● **DATA**:
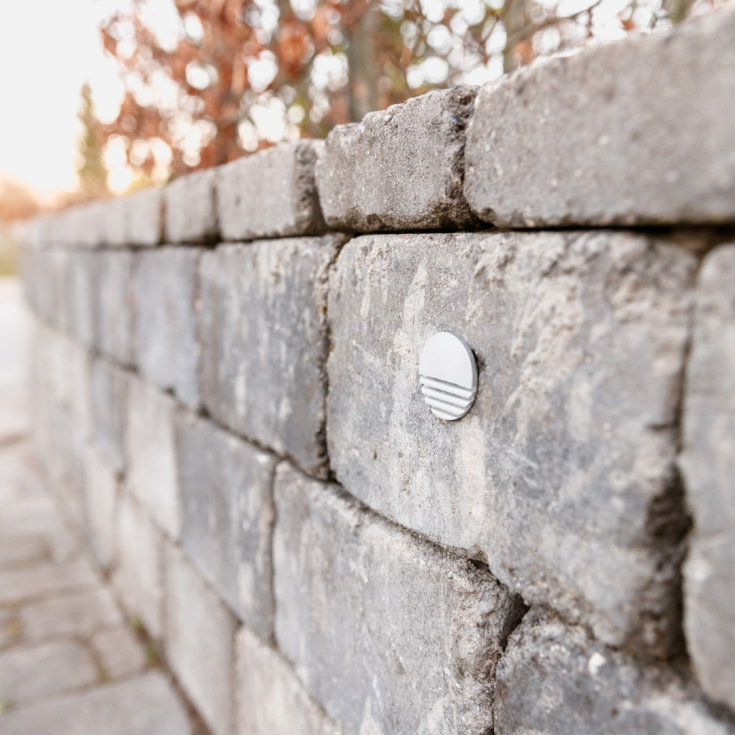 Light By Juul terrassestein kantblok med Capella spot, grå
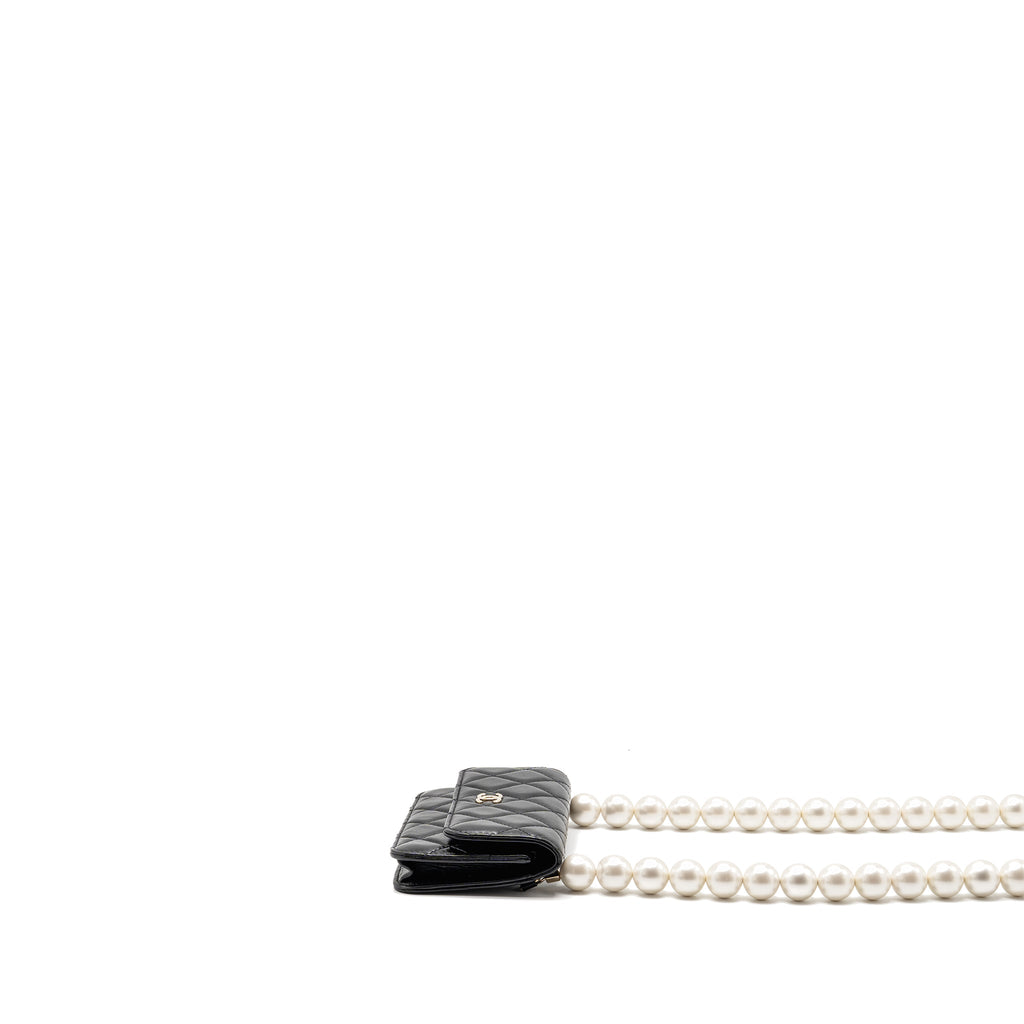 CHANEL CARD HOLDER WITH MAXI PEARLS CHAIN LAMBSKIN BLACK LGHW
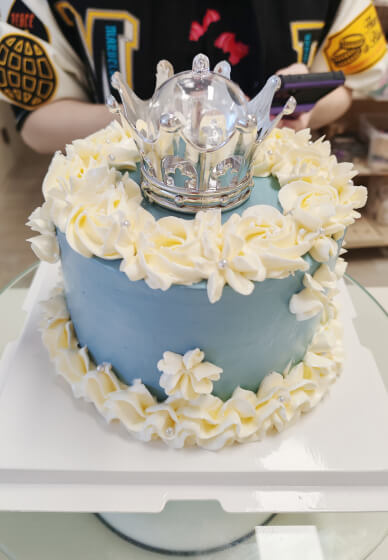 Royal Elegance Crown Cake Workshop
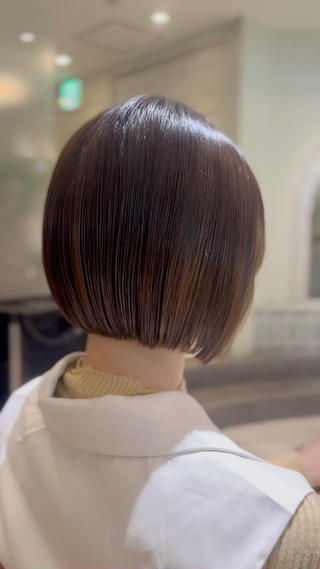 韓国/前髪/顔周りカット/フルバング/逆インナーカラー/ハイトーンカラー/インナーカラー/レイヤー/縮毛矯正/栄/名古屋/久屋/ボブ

● **TASK DIRECTIONS**:
For your answer, write out the data exactly and drop every picture.

● **ANSWER**:
 Light By Juul terrassestein kantblok med Capella spot, grå
 CHANEL CARD HOLDER WITH MAXI PEARLS CHAIN LAMBSKIN BLACK LGHW
 Royal Elegance Crown Cake Workshop
 韓国/前髪/顔周りカット/フルバング/逆インナーカラー/ハイトーンカラー/インナーカラー/レイヤー/縮毛矯正/栄/名古屋/久屋/ボブ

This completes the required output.